It's not often that the first work produced in any given genre can be compared to stand up to those that would succeed it. Take Seven Churches, for instance, which was stomped on by Leprosy and mercilessly destroyed by Altars of Madness in just around two years. That's not to say Seven Churches is a bad album; rather, I respect it more for its historical significance than its actual musical value. Within the smaller but no less fascinating realm of Finnish death metal, can Abhorrence's Vulgar Necrolatry possibly stand up to the grimy chunks of primordial ooze such as World Without God or extraterrestrial oddities like Nespithe?

The only correct answer would be a resounding yes. Once you get through the baffling intro of incoherent pitch-shifted murmurs and cheap synth effects, the title track delivers doubled octave tremolo riffs, sloppy grindcore blastbeats (odd how the Finns stumbled upon death metal by way of grind rather than thrash), and what is probably the first 'Finndeath lead', unabashedly wretched and chromatic, further contorted by the bass line creeping beneath. Chaotic whammy dives, clearly Slayer influenced, are liberally thrown around, while the hollow, distant growl (rhythmically similar to David Vincent's one-hit wonder rasp on Altars of Madness, albeit deeper) that would become a staple among their progeny began here as well. Whether they know it or not, pretty much every Finndeath band that has existed owes it to this song in one way or another.

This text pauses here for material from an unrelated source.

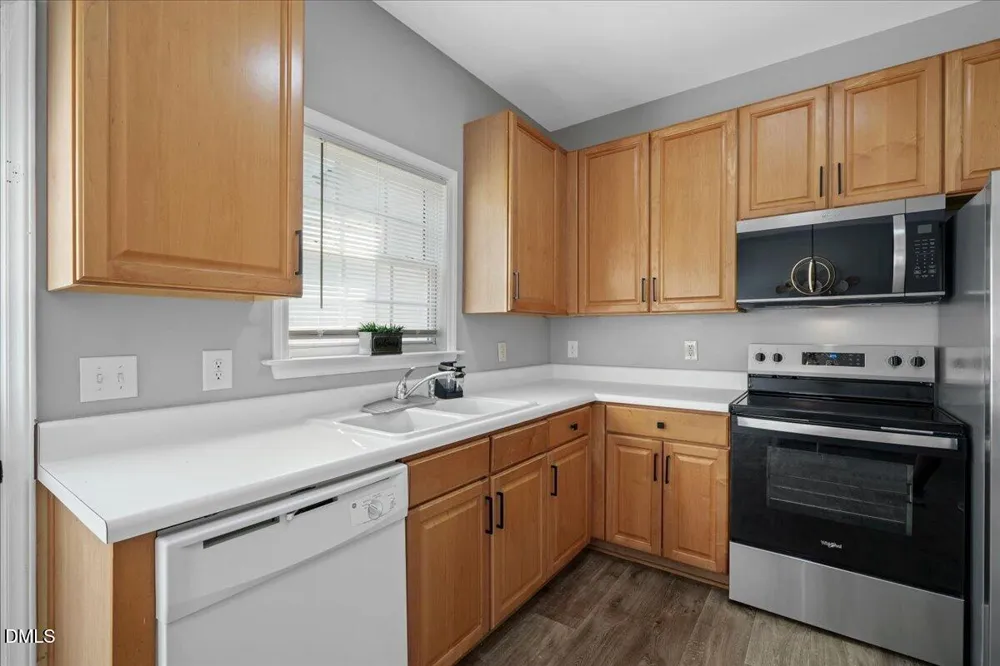 2857 Bennington Drive Clayton, NC 27520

The subsequent two tracks demonstrate a similar modus operandi, constantly switching between muddy, warbled tremolos and morbid lurches with either an eerie lead floating overhead or more wham-jams. The fuzzed out guitars have this tendency to play really fucking fast when alone, but they slow down automatically when the drums join in - a telltale sign that they didn't really make any effort to keep in time, made more noticeable due to the tempo changes all over the place. Increases in tempo often result in a sort of divergence between the guitars and drums, as if both were trapped in a desperate struggle to keep up with each other. As mentioned, the drumming in the faster parts is more grind than death, meaning the snares are closely aligned with the bass hits, further adding to the confusion. While this talk of sloppy musicianship might sound like a criticism, it actually treads a very fine line between visceral intensity and barbaric incoherence. Presumably upon label request, the band would take steps to tidy up their sound on their EP; not necessarily a bad move, but I feel the grit you find here is very much more attuned to the music at hand.

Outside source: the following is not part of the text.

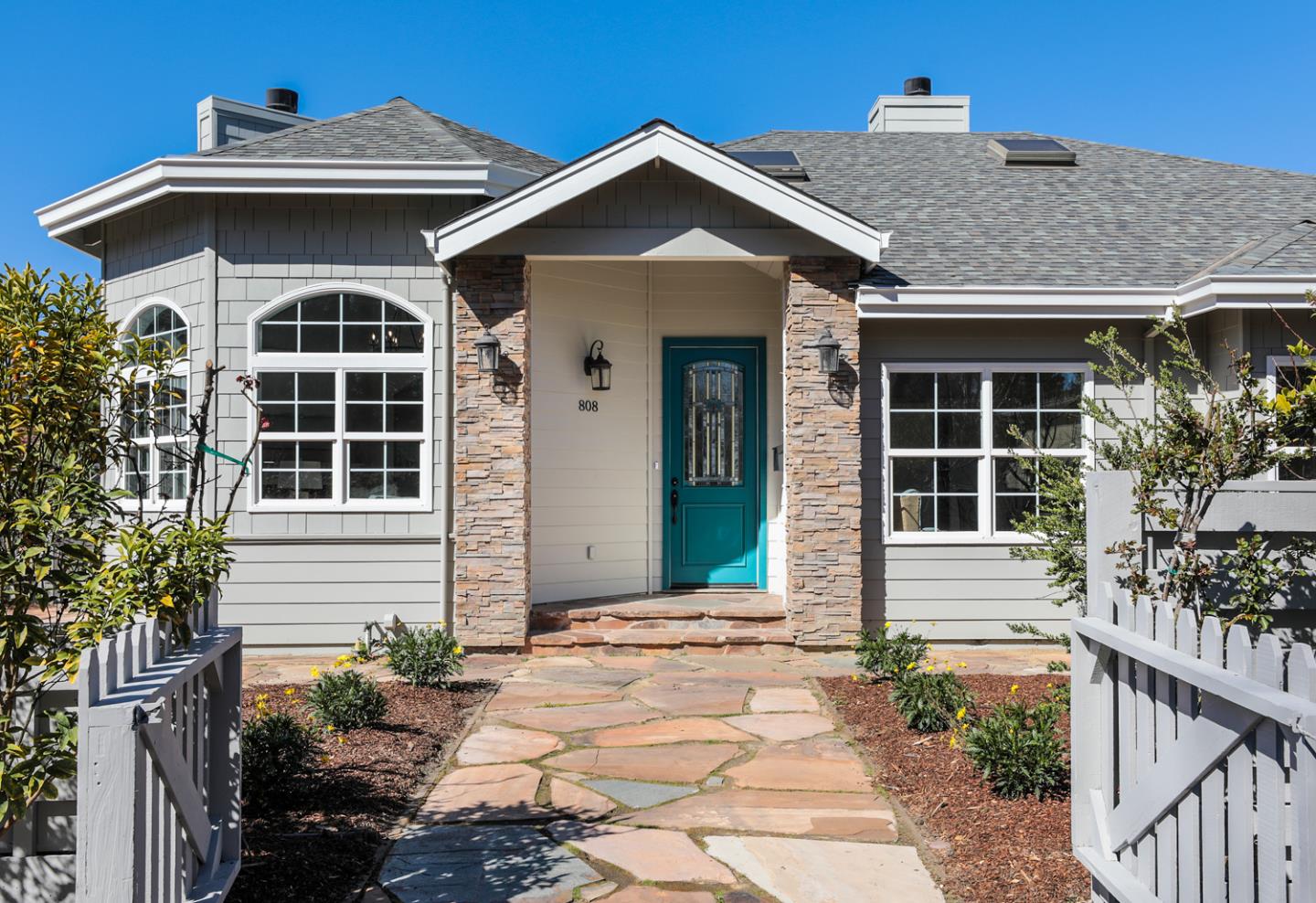 Neighborhood Neighborhood-22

Vulgar Necrolatry was undeniably influential in moulding the characteristic sound of Finnish death metal. If you were to trace the genealogy of the region all the way back to its origin, you can sort of guess how the genre would eventually progress. Bands could either expand upon the grimy and filth of Abhorrence or adopt the weirder, riff-machine approach of Funebre - naturally, most opted for the former, which eventually gave rise to many of the Finnish classics you (probably) hold dear to today.

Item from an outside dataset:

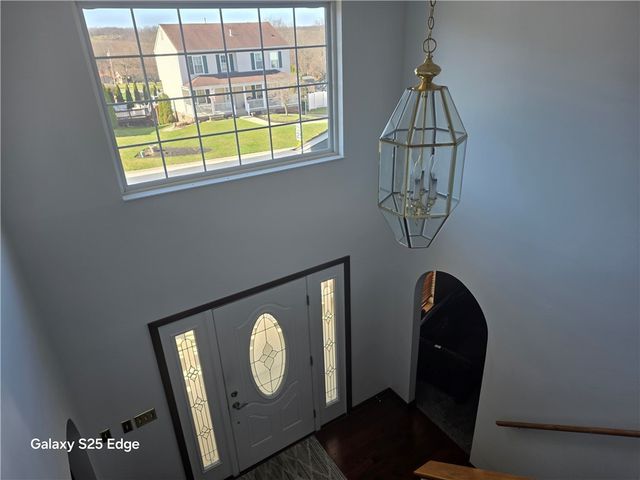 401 Lexington Dr, Southwest Greensburg Boro, PA 15601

A great discover in Finnish underground - 89%

Hellish_Torture, August 10th, 2014

Abhorrence is one of those cult death metal acts that never “made it” in the mainstream death metal scene, though deserving it. This band made just a demo and an EP in the early 90s, before disbanding and being remembered just by the nostalgic old school death scene (principally for having some Amorphis members in the lineup), until finally there was a reunion two years ago. Talking about their discography... I usually see more praise towards their self-titled EP, but I think that their demo, “Vulgar Necrolatry”, should be recognized as their best release.

What you need to know first is that this demo delivers pure uncompromising death metal, in a pretty Finnish fashion, but with a major focus on creepy atmospheres than usual. I mean, “Cause of Death” had still to come out, and on “Vulgar Necrolatry” you find some of the most spine-chilling atmospheres ever heard in death metal until then. Now, let’s go more in the detail.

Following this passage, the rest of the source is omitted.